Recorded information below:
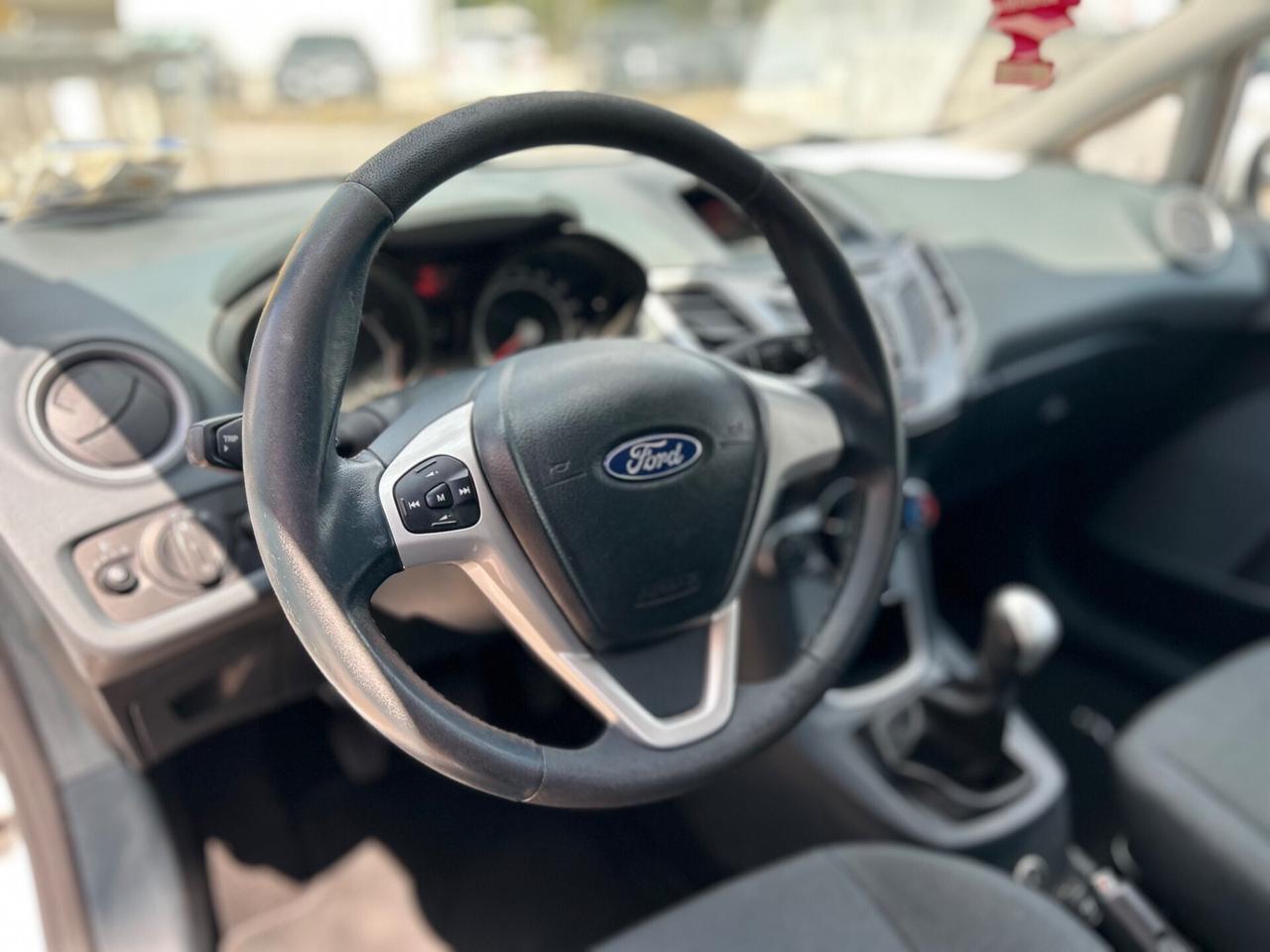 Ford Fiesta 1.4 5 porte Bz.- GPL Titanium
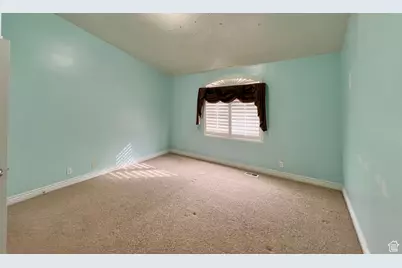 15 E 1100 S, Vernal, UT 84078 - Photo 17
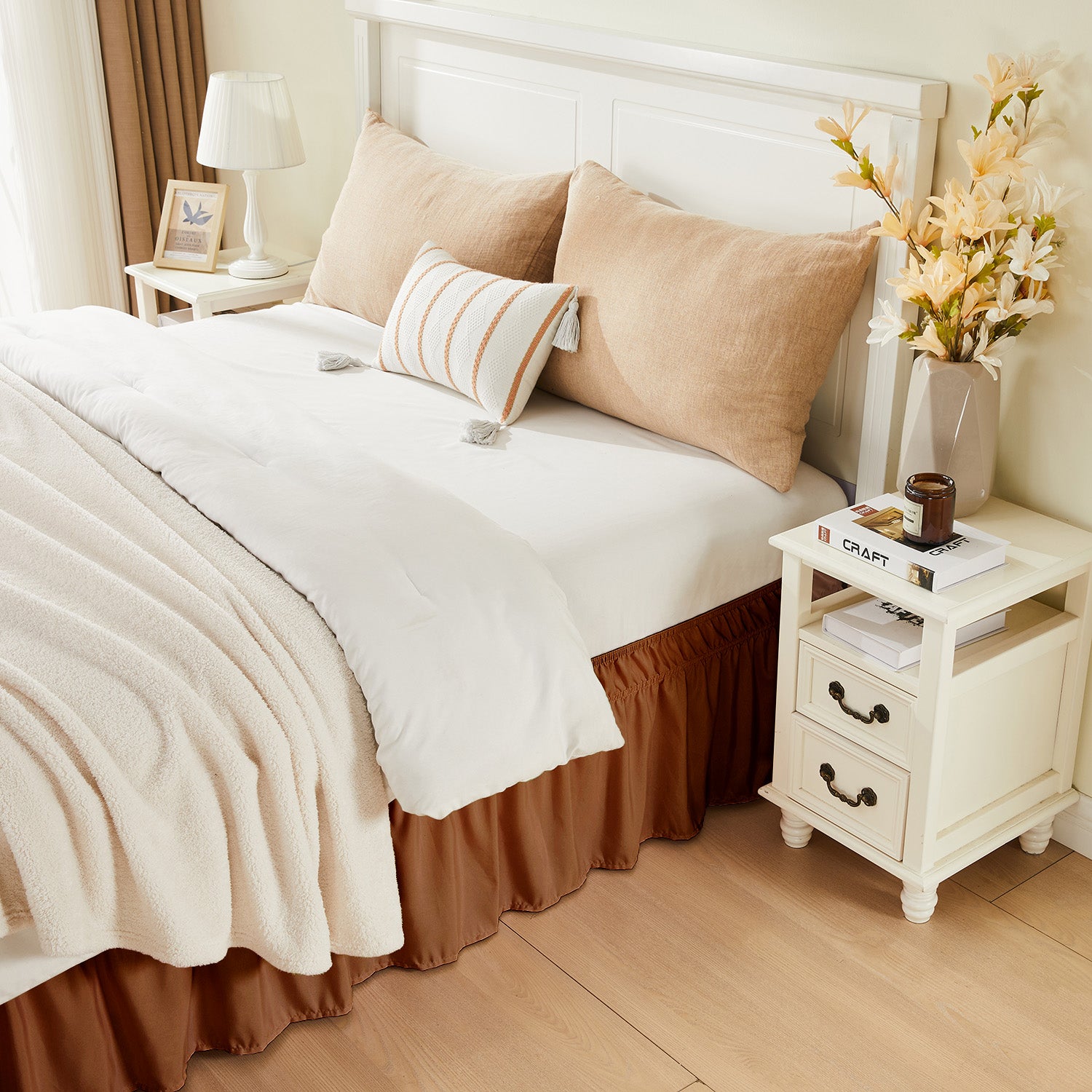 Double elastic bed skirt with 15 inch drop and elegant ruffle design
End of Recorded information.
● **Work order**
The expected result is the data above in exact form, free of pictures.

● **The answer**
 Ford Fiesta 1.4 5 porte Bz.- GPL Titanium
 15 E 1100 S, Vernal, UT 84078 - Photo 17
 Double elastic bed skirt with 15 inch drop and elegant ruffle design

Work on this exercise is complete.